* Data *
%%

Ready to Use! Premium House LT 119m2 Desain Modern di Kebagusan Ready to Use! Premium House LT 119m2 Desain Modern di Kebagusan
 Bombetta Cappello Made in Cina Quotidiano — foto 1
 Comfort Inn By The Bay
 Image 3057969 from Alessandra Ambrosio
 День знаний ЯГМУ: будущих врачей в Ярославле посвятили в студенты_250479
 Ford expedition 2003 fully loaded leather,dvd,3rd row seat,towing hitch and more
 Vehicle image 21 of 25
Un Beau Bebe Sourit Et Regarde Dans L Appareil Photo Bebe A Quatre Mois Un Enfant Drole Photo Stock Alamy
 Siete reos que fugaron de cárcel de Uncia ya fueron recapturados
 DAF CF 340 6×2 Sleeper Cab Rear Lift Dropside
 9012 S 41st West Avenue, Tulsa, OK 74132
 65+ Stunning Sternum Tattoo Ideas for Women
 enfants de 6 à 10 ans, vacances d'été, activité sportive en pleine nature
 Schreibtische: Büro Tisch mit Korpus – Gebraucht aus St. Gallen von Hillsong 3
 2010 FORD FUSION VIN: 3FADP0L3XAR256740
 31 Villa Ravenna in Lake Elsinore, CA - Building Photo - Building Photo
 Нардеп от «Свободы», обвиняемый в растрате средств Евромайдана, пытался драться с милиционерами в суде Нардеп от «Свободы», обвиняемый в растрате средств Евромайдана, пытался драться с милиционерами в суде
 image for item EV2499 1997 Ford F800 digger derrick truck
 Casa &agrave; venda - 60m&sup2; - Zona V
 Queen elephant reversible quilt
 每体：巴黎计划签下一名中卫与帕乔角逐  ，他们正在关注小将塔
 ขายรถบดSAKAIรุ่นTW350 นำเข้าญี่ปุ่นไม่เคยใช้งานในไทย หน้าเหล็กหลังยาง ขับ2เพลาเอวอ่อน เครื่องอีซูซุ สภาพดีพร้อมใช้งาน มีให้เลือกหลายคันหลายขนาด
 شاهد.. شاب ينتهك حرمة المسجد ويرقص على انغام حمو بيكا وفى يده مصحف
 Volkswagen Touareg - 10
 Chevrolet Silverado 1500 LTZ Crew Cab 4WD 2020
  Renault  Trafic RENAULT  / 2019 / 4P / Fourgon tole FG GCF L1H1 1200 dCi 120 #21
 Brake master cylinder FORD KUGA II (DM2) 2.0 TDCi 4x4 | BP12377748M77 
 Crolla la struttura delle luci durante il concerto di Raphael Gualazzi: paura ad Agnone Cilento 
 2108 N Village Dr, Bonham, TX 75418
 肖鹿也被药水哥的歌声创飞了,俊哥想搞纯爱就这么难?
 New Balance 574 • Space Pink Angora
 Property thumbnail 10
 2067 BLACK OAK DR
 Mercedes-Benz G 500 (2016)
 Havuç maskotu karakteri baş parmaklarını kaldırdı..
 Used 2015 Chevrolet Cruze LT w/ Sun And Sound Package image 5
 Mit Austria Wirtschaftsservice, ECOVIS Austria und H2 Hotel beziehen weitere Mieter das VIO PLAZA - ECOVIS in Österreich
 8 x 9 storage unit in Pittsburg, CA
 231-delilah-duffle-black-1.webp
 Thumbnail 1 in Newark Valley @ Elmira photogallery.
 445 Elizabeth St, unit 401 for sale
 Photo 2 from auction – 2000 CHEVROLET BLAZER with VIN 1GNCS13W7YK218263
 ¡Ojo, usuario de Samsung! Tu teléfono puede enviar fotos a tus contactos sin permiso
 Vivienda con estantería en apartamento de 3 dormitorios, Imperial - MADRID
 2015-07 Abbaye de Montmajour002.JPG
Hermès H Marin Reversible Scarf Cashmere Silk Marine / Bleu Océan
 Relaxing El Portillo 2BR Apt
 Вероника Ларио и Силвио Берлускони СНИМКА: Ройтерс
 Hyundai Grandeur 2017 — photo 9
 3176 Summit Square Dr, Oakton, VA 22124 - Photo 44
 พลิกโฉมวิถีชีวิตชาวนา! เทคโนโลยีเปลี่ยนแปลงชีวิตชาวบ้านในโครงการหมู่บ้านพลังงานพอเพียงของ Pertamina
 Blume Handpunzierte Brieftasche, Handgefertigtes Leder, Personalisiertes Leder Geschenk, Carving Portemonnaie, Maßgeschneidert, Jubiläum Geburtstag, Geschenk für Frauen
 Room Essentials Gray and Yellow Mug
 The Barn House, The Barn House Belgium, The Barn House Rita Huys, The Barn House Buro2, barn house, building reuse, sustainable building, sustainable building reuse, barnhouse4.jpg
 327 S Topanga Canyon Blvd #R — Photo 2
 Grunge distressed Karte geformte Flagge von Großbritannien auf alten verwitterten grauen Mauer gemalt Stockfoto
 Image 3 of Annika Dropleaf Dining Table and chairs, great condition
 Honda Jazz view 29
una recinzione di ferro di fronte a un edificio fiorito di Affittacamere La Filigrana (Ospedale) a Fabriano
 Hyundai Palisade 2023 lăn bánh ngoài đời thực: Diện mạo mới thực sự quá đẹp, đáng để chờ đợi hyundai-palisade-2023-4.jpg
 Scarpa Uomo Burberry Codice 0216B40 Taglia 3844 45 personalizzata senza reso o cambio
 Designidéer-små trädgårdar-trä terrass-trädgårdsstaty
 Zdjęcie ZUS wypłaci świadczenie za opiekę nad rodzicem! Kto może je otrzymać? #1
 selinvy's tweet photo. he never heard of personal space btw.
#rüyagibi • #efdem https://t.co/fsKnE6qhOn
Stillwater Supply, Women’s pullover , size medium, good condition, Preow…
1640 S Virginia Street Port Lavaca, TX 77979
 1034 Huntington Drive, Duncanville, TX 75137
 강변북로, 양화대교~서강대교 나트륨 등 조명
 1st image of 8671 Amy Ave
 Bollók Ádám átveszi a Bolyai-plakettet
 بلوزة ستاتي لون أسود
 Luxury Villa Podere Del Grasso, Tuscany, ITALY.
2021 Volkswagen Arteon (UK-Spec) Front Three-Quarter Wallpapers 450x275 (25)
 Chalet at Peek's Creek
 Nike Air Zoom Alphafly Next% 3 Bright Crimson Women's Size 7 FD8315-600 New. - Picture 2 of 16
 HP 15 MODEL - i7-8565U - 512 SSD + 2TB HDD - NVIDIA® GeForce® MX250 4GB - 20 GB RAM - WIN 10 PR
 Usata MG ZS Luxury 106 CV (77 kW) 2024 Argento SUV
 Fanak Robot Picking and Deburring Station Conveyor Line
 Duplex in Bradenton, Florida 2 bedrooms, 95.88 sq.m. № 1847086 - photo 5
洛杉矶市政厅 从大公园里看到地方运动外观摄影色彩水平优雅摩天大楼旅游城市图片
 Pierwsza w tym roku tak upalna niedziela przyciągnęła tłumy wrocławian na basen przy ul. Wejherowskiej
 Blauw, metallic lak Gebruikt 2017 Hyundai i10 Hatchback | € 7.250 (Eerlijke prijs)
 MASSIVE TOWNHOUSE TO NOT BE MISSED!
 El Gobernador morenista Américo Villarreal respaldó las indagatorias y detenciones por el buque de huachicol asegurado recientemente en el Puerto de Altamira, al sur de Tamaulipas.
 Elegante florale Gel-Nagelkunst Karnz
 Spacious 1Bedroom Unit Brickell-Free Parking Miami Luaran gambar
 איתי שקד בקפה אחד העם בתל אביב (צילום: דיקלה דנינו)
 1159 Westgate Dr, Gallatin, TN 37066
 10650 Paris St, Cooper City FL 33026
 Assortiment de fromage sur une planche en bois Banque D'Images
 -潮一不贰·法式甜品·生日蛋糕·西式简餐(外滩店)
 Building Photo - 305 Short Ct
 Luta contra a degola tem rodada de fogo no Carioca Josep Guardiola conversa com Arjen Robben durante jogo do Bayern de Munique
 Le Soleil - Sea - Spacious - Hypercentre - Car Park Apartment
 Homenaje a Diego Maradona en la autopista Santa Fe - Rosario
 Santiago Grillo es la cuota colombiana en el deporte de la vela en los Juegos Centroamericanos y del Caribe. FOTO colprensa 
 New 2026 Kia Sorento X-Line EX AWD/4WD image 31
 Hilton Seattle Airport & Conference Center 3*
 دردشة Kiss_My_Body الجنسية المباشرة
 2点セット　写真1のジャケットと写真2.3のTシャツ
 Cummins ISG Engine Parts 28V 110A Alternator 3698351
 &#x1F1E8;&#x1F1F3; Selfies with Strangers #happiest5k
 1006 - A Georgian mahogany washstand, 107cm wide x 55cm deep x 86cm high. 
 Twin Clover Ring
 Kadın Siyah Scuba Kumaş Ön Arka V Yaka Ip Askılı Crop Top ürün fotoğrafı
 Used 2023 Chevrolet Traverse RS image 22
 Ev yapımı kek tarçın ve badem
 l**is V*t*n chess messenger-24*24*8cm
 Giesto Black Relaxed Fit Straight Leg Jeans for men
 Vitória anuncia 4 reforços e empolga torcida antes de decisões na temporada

%%

* Required work *
Looking at the data above, write out exactly the lines that start at the one containing "Hilton Seattle Airport" and end at the one containing "l**is V*t*n chess messenger-24*24*8cm"; include both and nothing beyond.

* Output for this task *
 Hilton Seattle Airport & Conference Center 3*
 دردشة Kiss_My_Body الجنسية المباشرة
 2点セット　写真1のジャケットと写真2.3のTシャツ
 Cummins ISG Engine Parts 28V 110A Alternator 3698351
 &#x1F1E8;&#x1F1F3; Selfies with Strangers #happiest5k
 1006 - A Georgian mahogany washstand, 107cm wide x 55cm deep x 86cm high. 
 Twin Clover Ring
 Kadın Siyah Scuba Kumaş Ön Arka V Yaka Ip Askılı Crop Top ürün fotoğrafı
 Used 2023 Chevrolet Traverse RS image 22
 Ev yapımı kek tarçın ve badem
 l**is V*t*n chess messenger-24*24*8cm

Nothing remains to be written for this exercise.